Council chair John described the proposal as a city response to rising food insecurity and cited city data that “11.4 percent of our population who is on the SNAP program or other similar program that qualifies,” as part of the rationale for city assistance.
Chet and other council members reported conversations with Feeding Medina County. Chet said the nonprofit’s drive-through plan would likely reach 100–150 families in a single event and that the nonprofit already uses a check-in process that records client addresses. Feeding Medina County representative Janet (identified in discussion as the executive director) told the committee the organization has served over 300 city residents from Jan. 1 through Nov. 10, 2025, and approximately 100 seniors, and estimated a $50,000 donation “could easily feed at least 300 people” and likely up to 400 people for a week’s worth of groceries depending on food costs.
Councilors raised privacy concerns about publishing client names in council records.

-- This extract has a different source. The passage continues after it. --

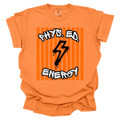 Phys. Ed Energy  - PE Teacher T-Shirts- Comfort Colors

Janet said she could provide addresses and demographic breakdowns (number of adults, children, seniors served) without releasing names because the partner food bank agreement includes privacy provisions; the committee asked the law director to amend the draft ordinance so section 4 reports addresses (not names) back to the city.
An unidentified councilor moved to approve the ordinance with an emergency clause, subject to the law director’s final approval of the wording; the motion passed.
What happens next: the law director will review and finalize the ordinance language to allow address-based verification; Feeding Medina County will schedule distributions and provide address-level reporting to the city without publishing client names.